# repurposing dowel perches!



## newbirds!! (9 mo ago)

hello guys, i got my two birds yesterday and they’re not tamed yet, one of them does let me pet their back a while but then scooches away. do you think i should take them out the cage even though they do not trust me yet? and if so, how? thanks!


----------



## FaeryBee (May 9, 2011)

*Please read all the stickies and the budgie articles as advised in your other thread. Most basic questions have already been addressed in them.

Budgies need a minimum of two weeks to settle into their new home and you should not be trying to touch or tame them at this time. 
They are often submissive initially because they are terrified.

Taming and Bonding is all about helping your budgie learn to trust you and it takes a great deal of time and patience on your part.
You should never grab your budgies or force them to be touched.
To bond with your budgie, you need to build their trust in you.
They will have to learn over time that you will not hurt them, grab them and try to force them to allow you to hold them.

To build your birds’ trust, sit by their cage and read, talk or sing quietly to them for a period of at least 10-15 minutes, 3 or 4 times day. After about a week, rest your hand on the outside of the cage when you talk to them so they will learn that your hand is safe and will not hurt them. 

After a week of resting your hand on the outside of the cage, rest your hand inside the cage when you talk.
Don’t make sudden moves, don’t try to touch them.
Let their get used to the idea that the hand is now in their safe place and not harming them.

After 2 weeks, begin moving your hand slowly toward your bird. If they become agitated, stop moving your hand and just hold very still until they calm down. When they are comfortable with your hand near them, you can offer them a bit of millet or a few seeds.

Always work at your birds’ pace.
Move slowly and talk reassuringly and calmly to their whenever you interact with them.

Most budgies once they pass the "baby" stage, do not like to be petted or touched. 

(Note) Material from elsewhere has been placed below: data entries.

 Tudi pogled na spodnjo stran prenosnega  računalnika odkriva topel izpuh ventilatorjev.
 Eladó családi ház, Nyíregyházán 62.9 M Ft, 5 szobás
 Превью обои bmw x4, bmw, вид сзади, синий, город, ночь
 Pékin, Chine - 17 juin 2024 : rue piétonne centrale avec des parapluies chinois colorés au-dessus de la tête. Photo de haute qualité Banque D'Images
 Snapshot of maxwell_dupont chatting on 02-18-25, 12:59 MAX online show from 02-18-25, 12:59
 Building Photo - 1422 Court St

If your budgie does like to be petted, you should only ever pet his head, neck or chest area.
Stroking a budgie's back and/or tail stimulates its breeding instinct. 

Bonding means allowing your budgie to choose to be with you.*


----------



## newbirds!! (9 mo ago)

okay, but do i let them fly?


----------



## FaeryBee (May 9, 2011)

*No. Leave them in their cage during this time.*


----------



## newbirds!! (9 mo ago)

hello again, at this point they are begging me to leave the cage they scream every five minutes go crazy and try to find a way out and idk what to do because they’ve been doing it for a couple hours now and they won’t stop, and it’s specifically one but he influences the other. help!


----------



## FaeryBee (May 9, 2011)

*You just have to ignore that. If the noise bothers you, then use ear-plugs.
You don't have either the knowledge nor experience to be allowing un-tamed budgies out of the cage as you will have no way of getting them back in without grabbing them and that is something you cannot do.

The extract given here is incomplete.